▶ _SOURCE MATERIAL_
☆ ☆ ☆ ☆ ☆
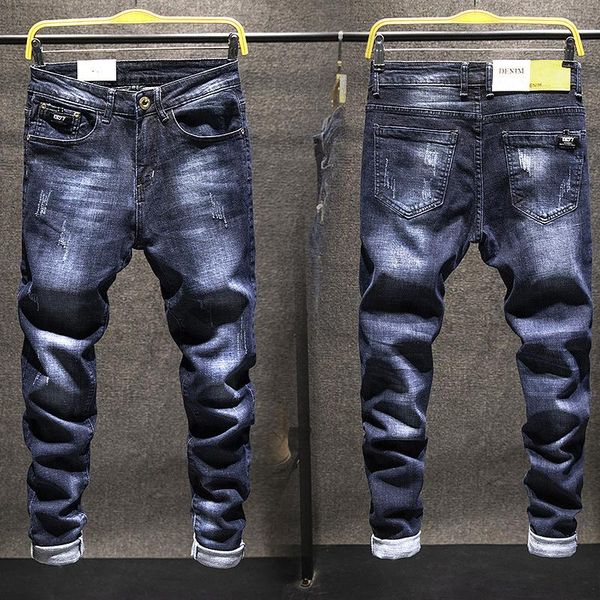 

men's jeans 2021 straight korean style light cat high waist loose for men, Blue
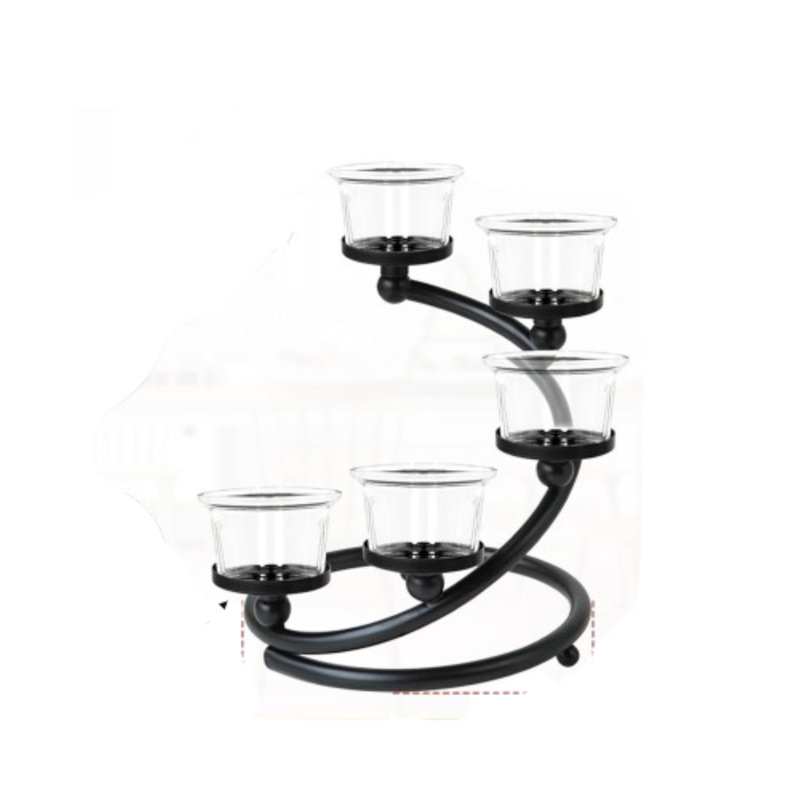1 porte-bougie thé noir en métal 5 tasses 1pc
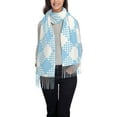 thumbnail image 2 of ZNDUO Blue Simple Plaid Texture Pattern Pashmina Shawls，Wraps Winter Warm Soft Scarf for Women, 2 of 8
☆ ☆ ☆ ☆ ☆
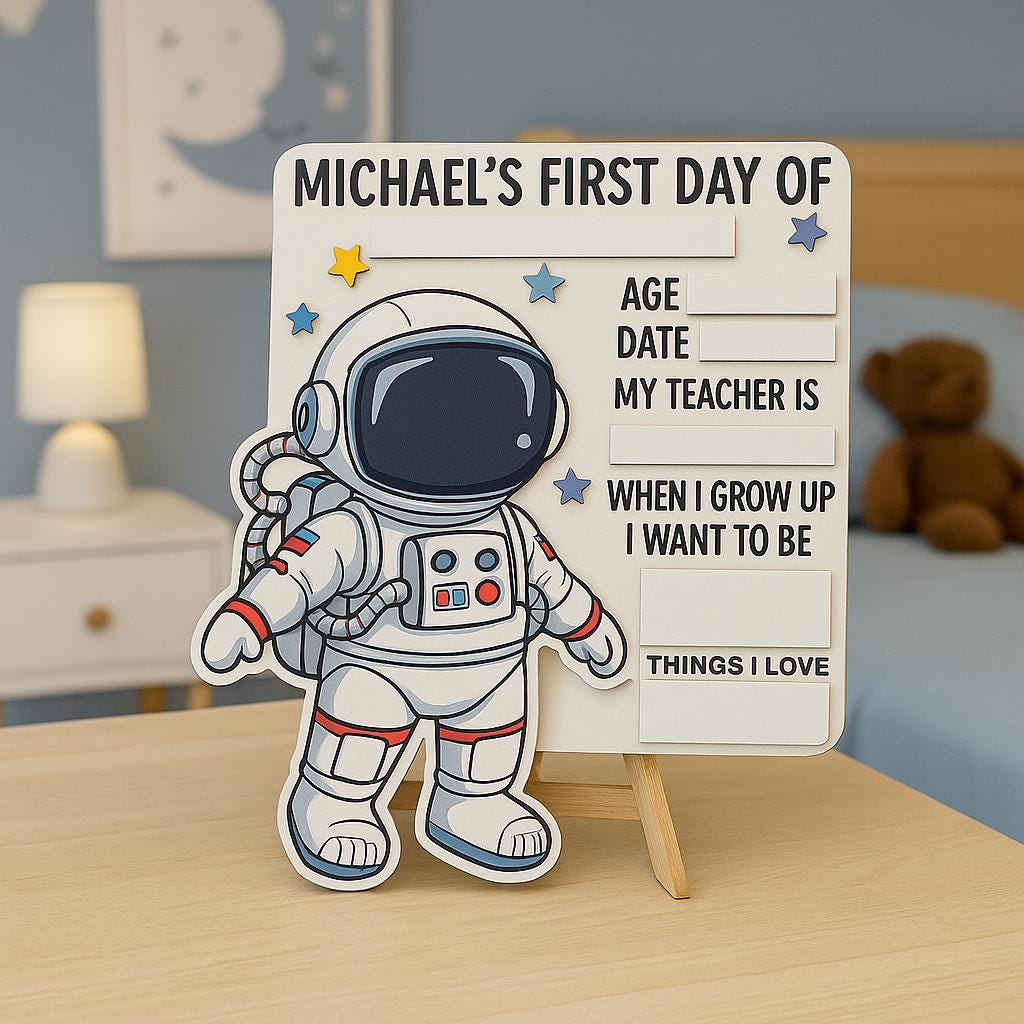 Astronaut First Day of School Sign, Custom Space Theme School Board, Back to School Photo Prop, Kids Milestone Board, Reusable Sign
☆ ☆ ☆ ☆ ☆
▶ _REQUIREMENT_
Could the stretch from the line with "1 porte-bougie thé noir en métal 5 tasses 1pc" through the line with "thumbnail image 2" in the listing above be restated word for word, minus the pictures?

▶ _REPLY_
1 porte-bougie thé noir en métal 5 tasses 1pc
 thumbnail image 2 of ZNDUO Blue Simple Plaid Texture Pattern Pashmina Shawls，Wraps Winter Warm Soft Scarf for Women, 2 of 8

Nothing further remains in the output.